Conforme o auditor Filipe Leiria, que preside o Sindicato de Auditores Públicos Externos do Tribunal de Contas do Estado, é fundamental que sejam bem atestados os nexos de causalidade entre o evento climático e a necessidade do gasto, tanto no que se refere ao objeto quanto a temporalidade. “Já sobre a questão fiscal, em linhas gerais, pode-se projetar aumento dos gastos dos municípios, com a ressalva de que parte dos recursos virá de repasses da União, e queda da arrecadação. É precipitado, contudo, precisar, neste momento, qual o impacto desta combinação para o Estado”.

Destruição vai engrossar lista de argumentos do governo para renegociar RRF

A destruição gerada pelas chuvas que seguem atingindo o RS, e que alcança desde parte das produções agrícola e industrial até o setor de serviços, além das dificuldades logísticas que passaram a enfrentar as regiões afetadas, deve se somar ao rol de argumentos que o governo do Estado vem utilizando na tentativa de renegociar os termos de sua adesão ao Regime de Recuperação Fiscal (RRF).

O RRF é o modelo de renegociação da dívida idealizado pela União que teve a adesão do RS concluída em junho do ano passado, após negociações iniciadas na gestão do ex-governador José Ivo Sartori (MDB).

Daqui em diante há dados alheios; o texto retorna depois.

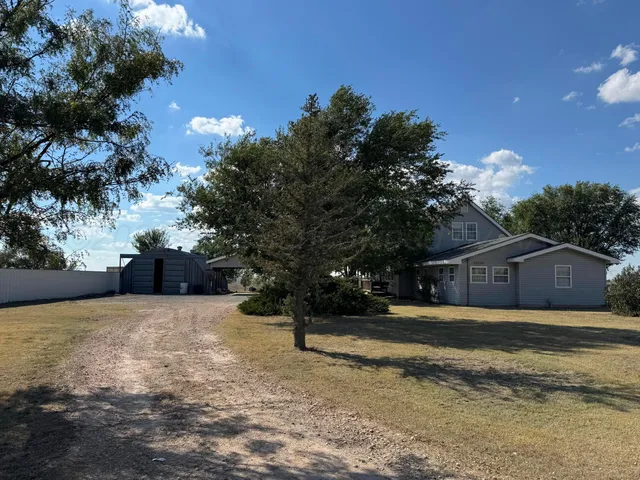 a view of a yard with a house in the background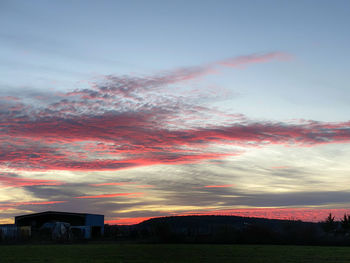 Scenic view of silhouette field against sky during sunset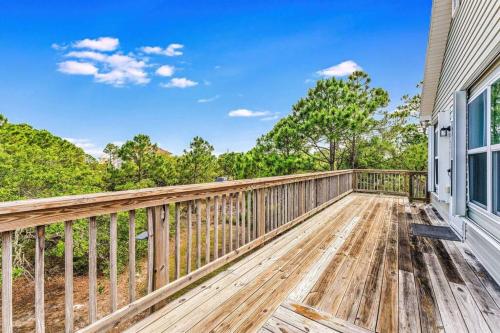 a home with a wooden deck with a fence at The Floridian, Old Florida Charm with Modern Comfort in St. George Island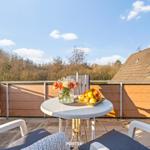 Terrasse mit Tisch, Stühlen und Obstschale. Blick auf Wald und Häuser.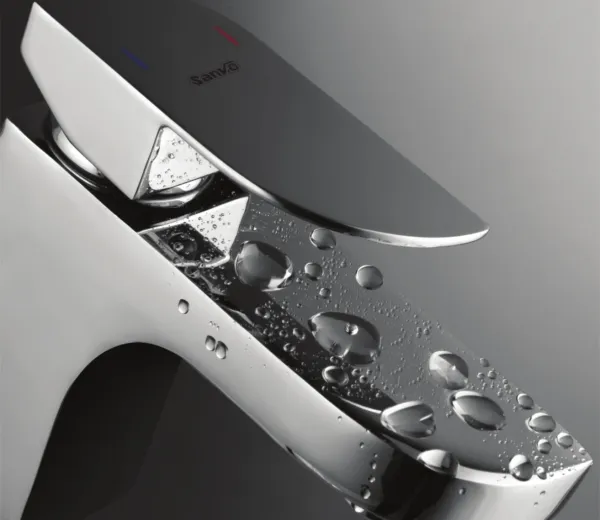 Chrome single lever basin mixer with water droplets beaded on its angled handle, AV-1723
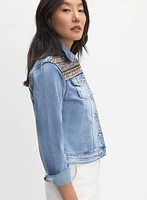 Veste en denim à broderies appliquées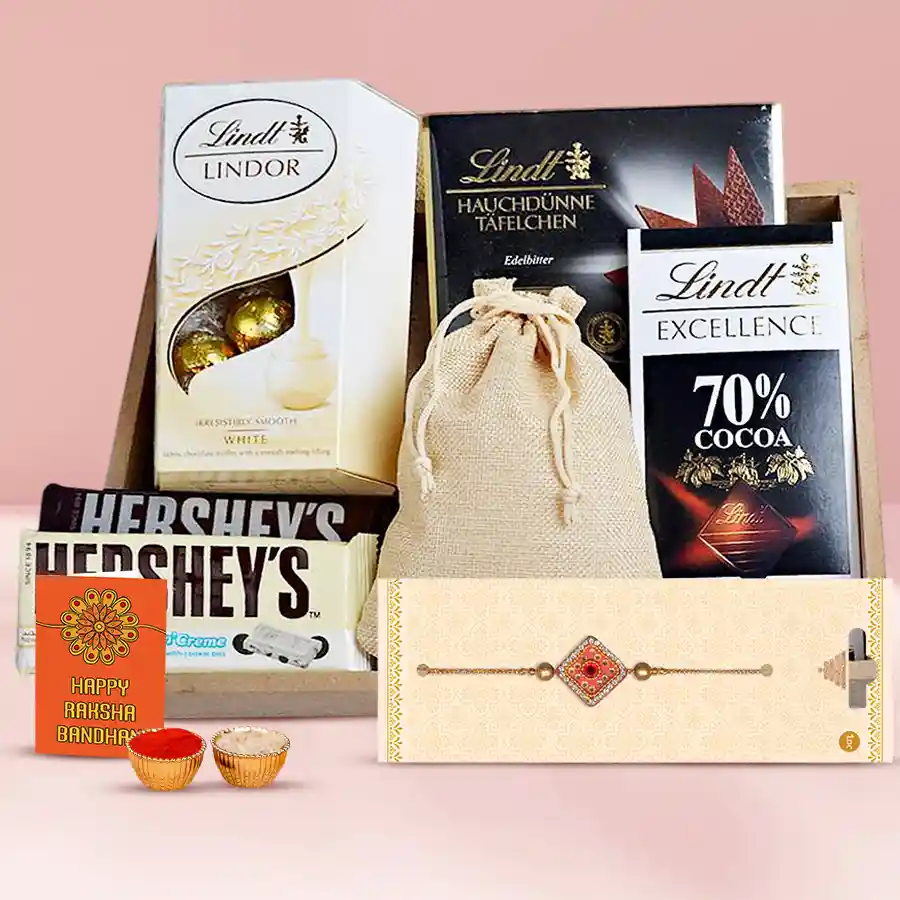 Festive gift set for Raksha Bandhan featuring Rakhi, Lindt and Hershey’s chocolates, crunchy almonds in a jute potli, traditional Roli, Tika, Chawal, all presented on a reusable wooden tray.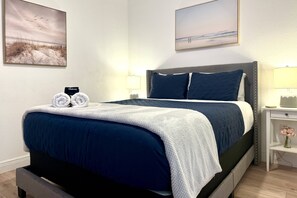 A neatly made bed with a blue and white bedspread, two pillows, and two rolled towels on the side.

Polêmica desde seu início, a adesão ao regime foi classificada pela primeira administração Eduardo Leite (PSDB) como a solução possível para o equacionamento dos problemas financeiros do Estado e, até o início deste ano, o Executivo anunciava o ajuste nas contas como uma de suas realizações. Contudo, em 2023, já antes dos eventos climáticos extremos que atingiram o RS, a administração estadual havia passado a pleitear uma renegociação dos termos, sob o argumento de que as condições em vigor são muito duras e que, seguindo-as, a dívida vai se tornar impagável em um período de até cinco anos.

Apesar de se somar a argumentação em curso, o estado de calamidade, por si só, não altera as exigências do RRF. “A Lei Complementar 159/17 (que instituiu o regime) e suas alterações não trazem qualquer previsão referente a situações/eventos de calamidade. Por isso, a não ser que ocorra uma revisão, o Estado precisará seguir cumprindo o que o contrato estabelece em termos de metas e restrições” adianta o auditor Josué Martins, vice-presidente para a região Sul da Federação Nacional das Entidades dos Servidores dos Tribunais de Contas do Brasil.